Neptune-R Integration

You can interact freely with Neptune from R and enjoy the same functionality that is available in Python.

Installation

The Neptune integration with R is available as a CRAN package and a Github project. You can install it by running:

install.packages('neptune')

Python environment setup

Under the hood, Neptune uses reticulate, which in turn calls Python. That means you must:

  • Install Python in your environment (venv, conda, miniconda and pure Python environments are supported).

  • Point to that environment when you initialize Neptune, as shown below.

Initialize Neptune

Toward the top of your script, you must import the neptune library and initialize the connection with Neptune.

Specify:

  • project_name: the name of your project in Neptune

  • api_token: a key associated with your Neptune account

library('neptune')
init_neptune(project_name = 'shared/r-integration',
             api_token = 'ANONYMOUS')

Once this is added, you can start logging your experiment data to Neptune.

Note

As an example, we are using the ‘ANONYMOUS’ user token and a public project named ‘shared/r-integration’.

Warning

The suggested way to pass in your api_token is to store your key in an environment variable and pass it using Sys.getenv('MY_NEPTUNE_KEY').

Sys.setenv('NEPTUNE_API_TOKEN'='eyJhcGlfYWRkcmVzcyI6Imh0dHBz')
init_neptune(project_name = 'my_workspace/my_project',
             api_token = Sys.getenv('NEPTUNE_API_TOKEN')
             )

Specifying Python environment

  • Python

    init_neptune(project_name = 'shared/r-integration',
                 api_token = 'ANONYMOUS'
                 python='python',
                 python_path='/usr/bin/python3')
    
  • venv

    init_neptune(project_name = 'shared/r-integration',
                 api_token = 'ANONYMOUS'
                 python='venv',
                 python_path='my_venv')
    
  • conda

    init_neptune(project_name = 'shared/r-integration',
                 api_token = 'ANONYMOUS'
                 python='conda',
                 python_path='my_conda_env')
    
  • miniconda

    init_neptune(project_name = 'shared/r-integration',
                 api_token = 'ANONYMOUS'
                 python='miniconda',
                 python_path='my_miniconda_env')
    

Create experiment

To start tracking, you must create an experiment.

You can:

  • Name your experiments

  • Tag them to keep your work organized

  • Specify params to keep track of hyperparameters of your experiments

For example:

create_experiment(name='training on Sonar',
                  tags=c('random-forest','sonar'),
                  params = list(ntree=100,
                                mtry=10,
                                maxnodes=20)
                  )

Track data versions and other properties

Keeping track of your data is an important part of the job.

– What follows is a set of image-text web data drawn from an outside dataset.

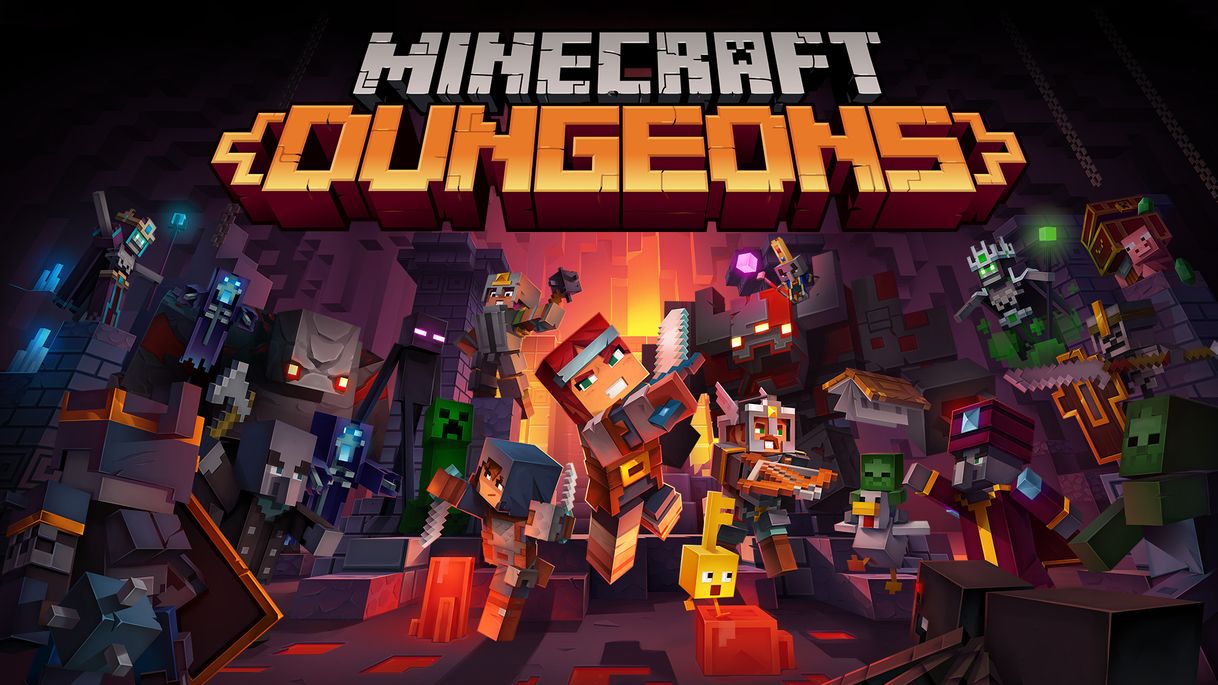 Videogames Minecraft Dungeons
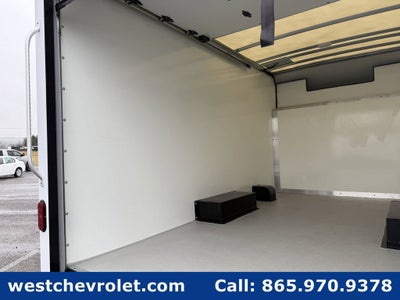 2025 Chevrolet Express Cutaway 3500 1WT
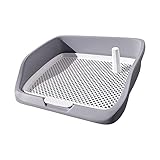 perfk Hundetoilette Hundetöpfchen Hundetrainings-Toilette,...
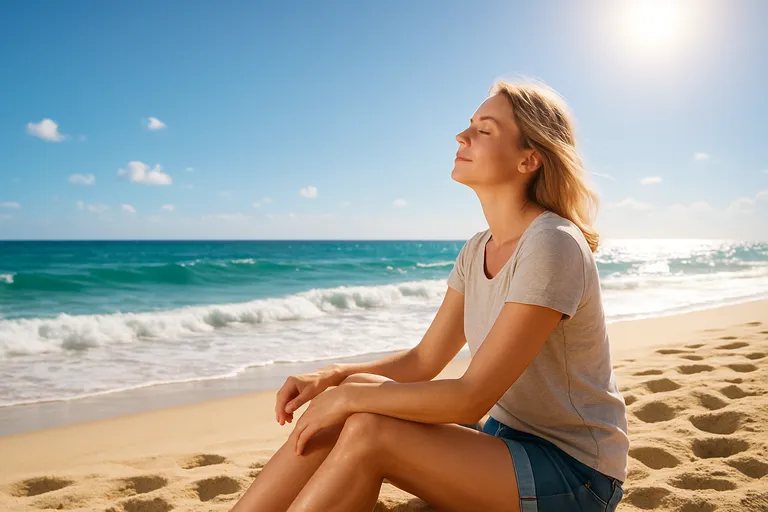 Waarom zee en zon goed voor je zijn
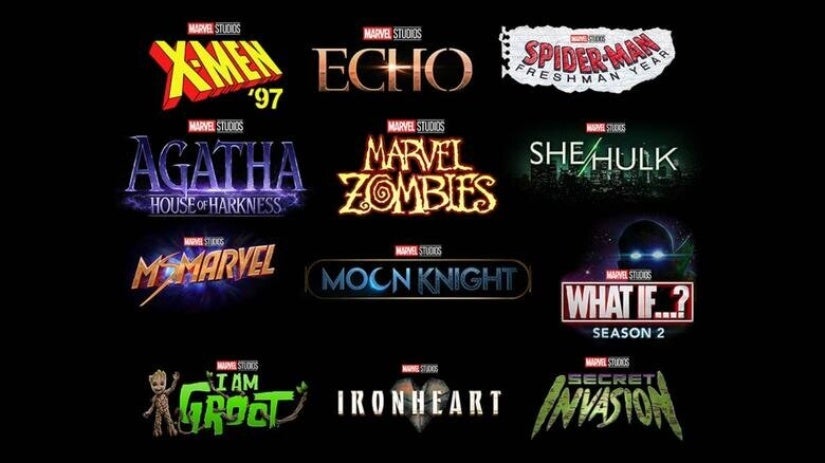 Nuevas series de Marvel para Disney Plus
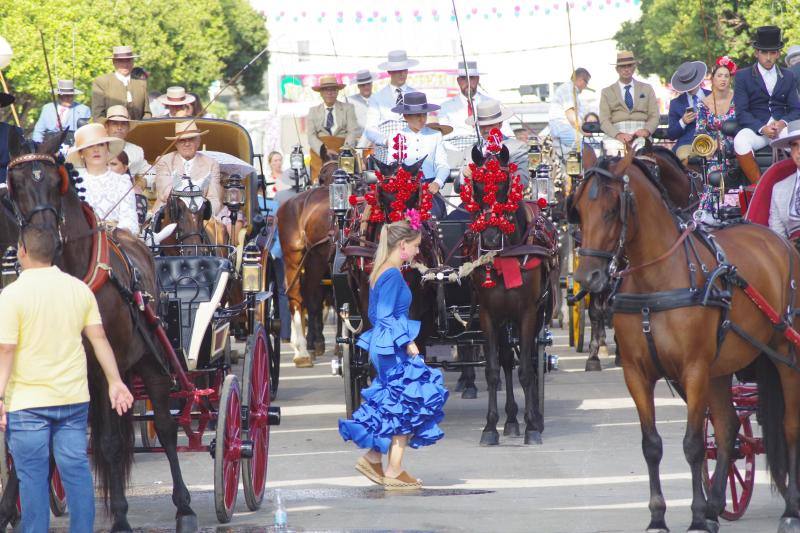 El recinto ferial acoge el certamen, que hasta ahora se había celebrado en La Malagueta. 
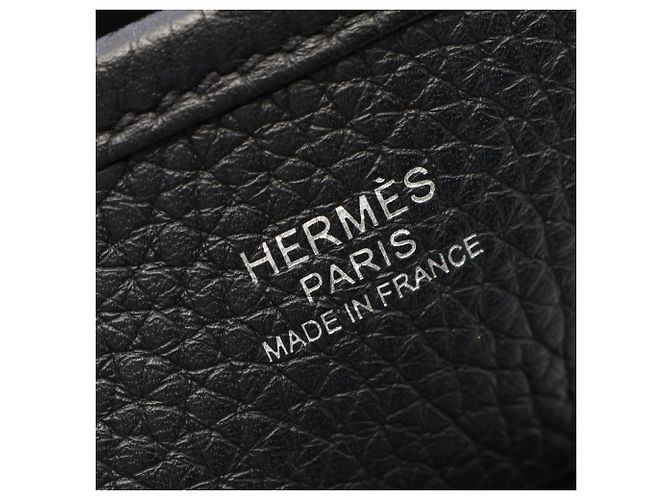 Hermès Bolsa de Ombro Hermes Evelyne 3 Trois PM Preto - vista 4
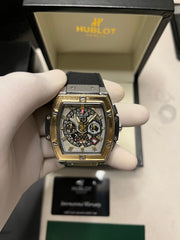 Royal Forge Skeleton Chronograph — Quartz Movement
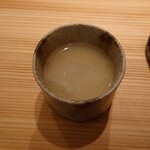 島津 - 北海道噴火湾の毛蟹の茶碗蒸し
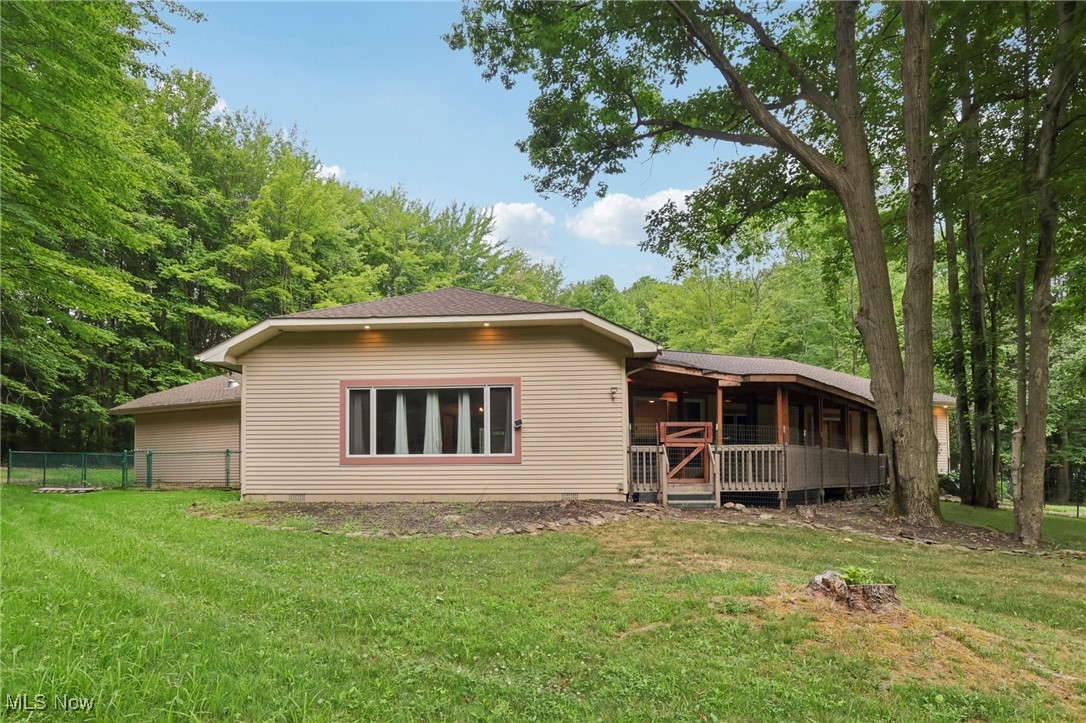 5643 Chapin Road Madison, OH 44057 - Photo 42 of 50 Back of property with roof with shingles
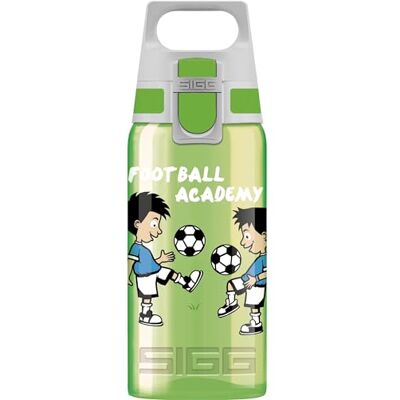 Sigg Gourde Enfant Viva One Football School Convient Aux Boissons Gazeuses Étanche Lavable Au Lave-Vaisselle sans BPA Sport Vert 0,5L Sigg Gourde Enfant Viva One Football School Convient Aux Boissons Gazeuses Étanche Lavable Au Lave-Vaisselle sans BPA Sport Vert 0,5L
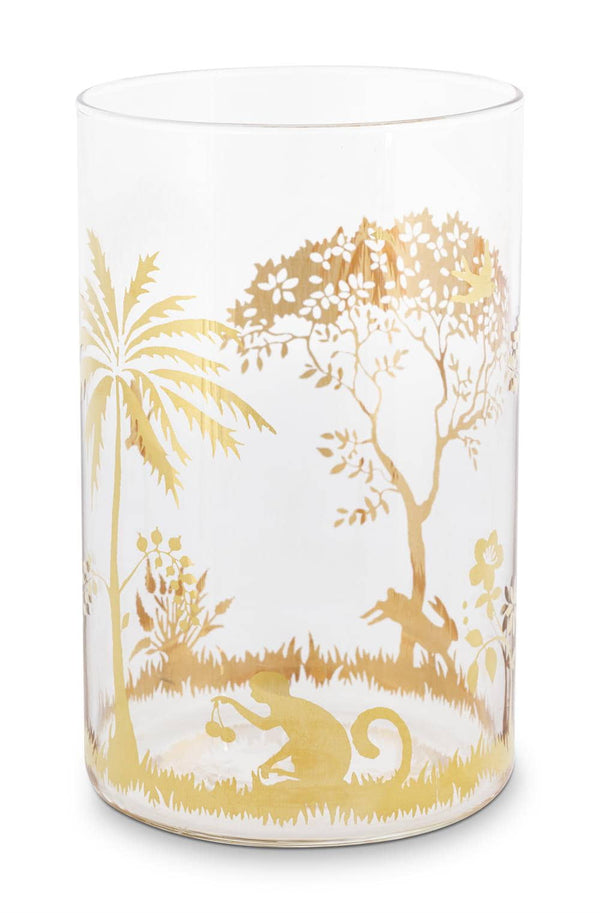 PIP Studio La Majorelle Gold 360ml Longdrink Glass (6989001326636)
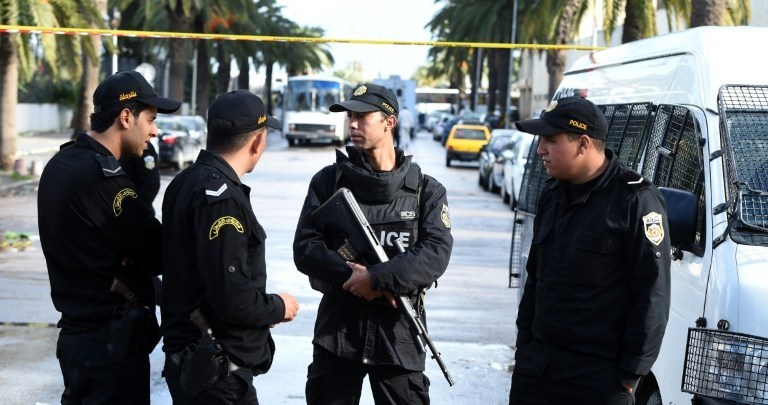 مسلحون يهاجمون دورية أمنية فى القصرين بتونس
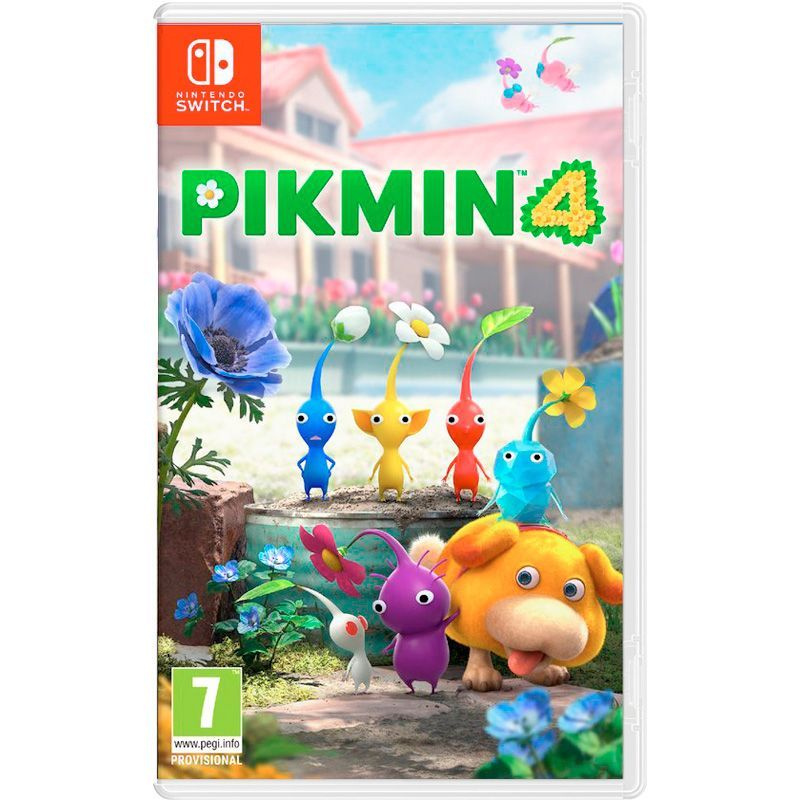 Игра Pikmin 4 Switch, английская версия (Nintendo Switch, Английская версия)  #1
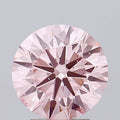 2.64ct Round Lab Grown diamond, stone 15493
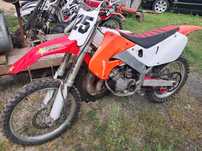 Motocykl Honda CR125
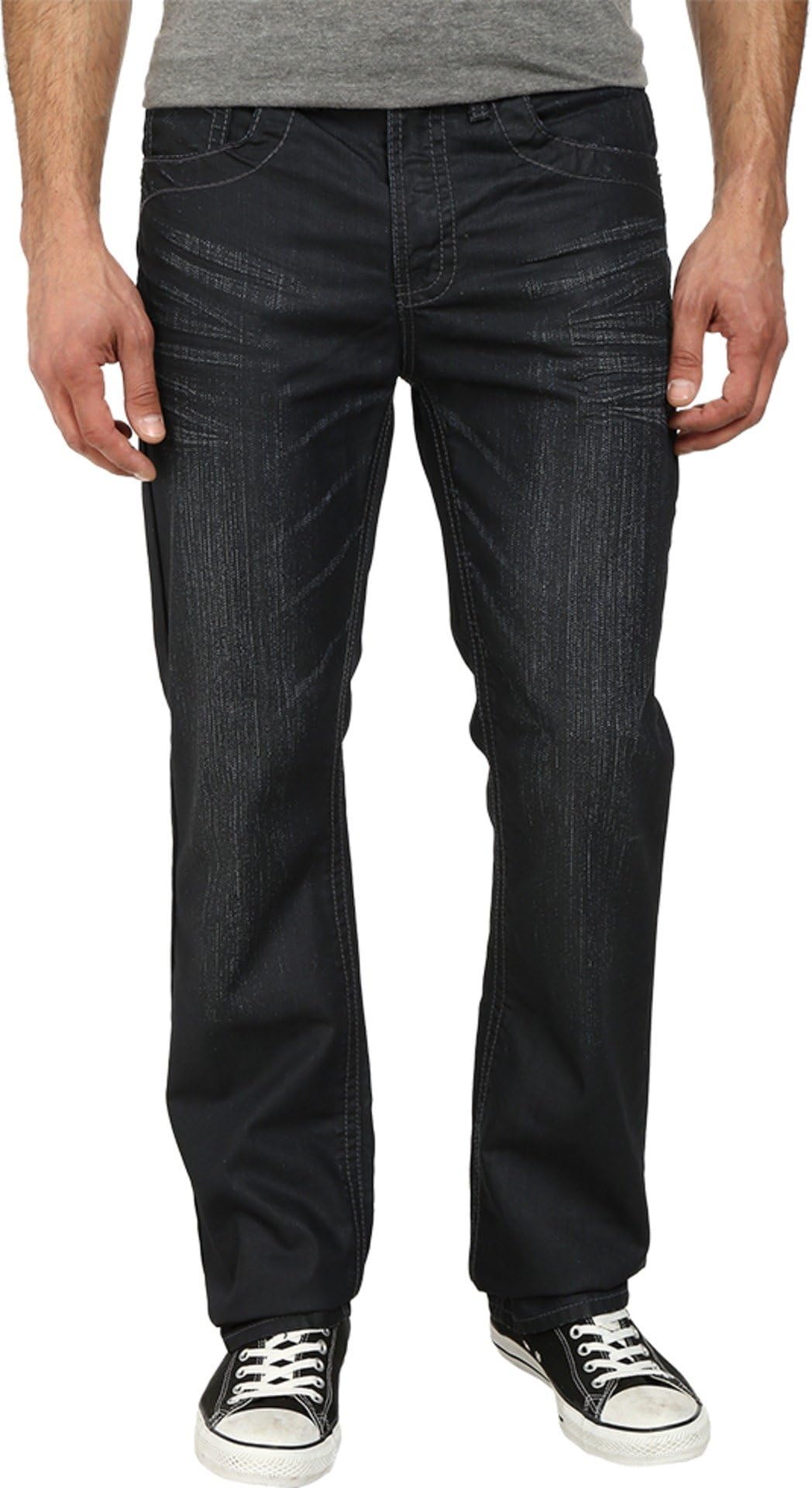 Antique Rivet Men's Ryan Jeans in Wallace Wallace Jeans 32 X 32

With Neptune, you can log a fingerprint (hash) of your data for every experiment. By doing so, you will make sure that you are “comparing apples to apples.”

Add a property to your experiment:

library(digest)

# Load data
data(Sonar)
dataset <- Sonar

set_property(property = 'data-version', value = digest(dataset))

Track metrics

Tracking evaluation metrics is as simple as logging. You can track a single metric by using the log_metric() method. Just define your logging channel name and metric value.

For example:

log_metric('mean OOB error', mean(model$err.rate[,1]))
log_metric('error class M', model$confusion[1,3])
log_metric('error class R', model$confusion[2,3])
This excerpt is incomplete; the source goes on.